The year 2021 marked the centenary of PEN International and English PEN, and 2022 marks the centenary of PEN America, PEN France and many other PEN Centers around the world. For a century, PEN (Poets, Essayists, Novelists) has brought together writers to celebrate and share literature and to defend those who write. PEN has laid the foundation for a global community of writers who seek out facts, celebrate the creative imagination and champion freedom of expression. For over 35 of those years, journalist and novelist Joanne Leedom-Ackerman has been engaged with PEN as a member, as the President of one of the large centers (PEN USA West) during the year of Tiananmen Square and the fatwa against Salman Rushdie, as Chair of PEN International's Writers in Prison Committee (1993-1997), as International Secretary (2004-2007), and continuing as an International Vice President since 1996. She has also served on the Boards and as Vice President of PEN American Center (2008-2015) and the PEN Faulkner Foundation (1996-2021).PEN Journeys: Memoir of Literature on the Line reflects a time when the world was opening up-the Berlin Wall fell; the Soviet Union broke apart; democracies were ascendant around the globe-and PEN was often at the forefront. In many countries writers like Václav Havel led the way as they were being released from prison. PEN Journeys spans three decades and tracks PEN's centrality to many of the events, to the individual writers, and to Joanne's own story as she moved to Europe with nine and eleven-year-old sons who also intersected with this time and with events to come. The period was also a time when this sprawling organization, now with 157 centers in over 100 countries, was finding it needed to reorganize and so had its own revolution.
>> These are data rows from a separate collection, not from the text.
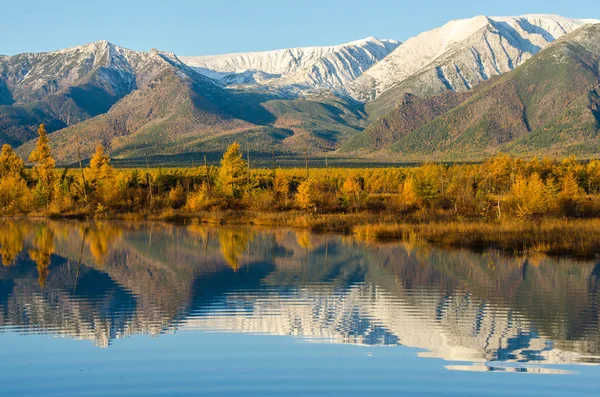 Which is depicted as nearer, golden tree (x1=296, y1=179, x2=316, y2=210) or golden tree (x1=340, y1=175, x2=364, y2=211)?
golden tree (x1=296, y1=179, x2=316, y2=210)

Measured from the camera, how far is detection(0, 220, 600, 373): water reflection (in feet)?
59.8

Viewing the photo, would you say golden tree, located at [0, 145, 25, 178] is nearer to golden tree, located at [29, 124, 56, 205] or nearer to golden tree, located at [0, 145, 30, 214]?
golden tree, located at [29, 124, 56, 205]

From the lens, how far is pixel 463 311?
21.7 metres

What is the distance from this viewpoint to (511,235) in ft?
125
PEN Journeys is filled with anecdotes of the writers, including those well-known like Salman Rushdie, Orhan Pamuk, Günter Grass, Ken Saro Wiwa, Anna Politkovskaya and others and those less known but courageous writers. Writers set the guardrails for free societies. Their freedom and freedom of expression are vital for a democratic citizenry. PEN, the only literary organization with consultative status at the United Nations, holds watch. Proceeds from PEN Journeys will go to PEN International's work, particularly its work for writers in prison and at risk.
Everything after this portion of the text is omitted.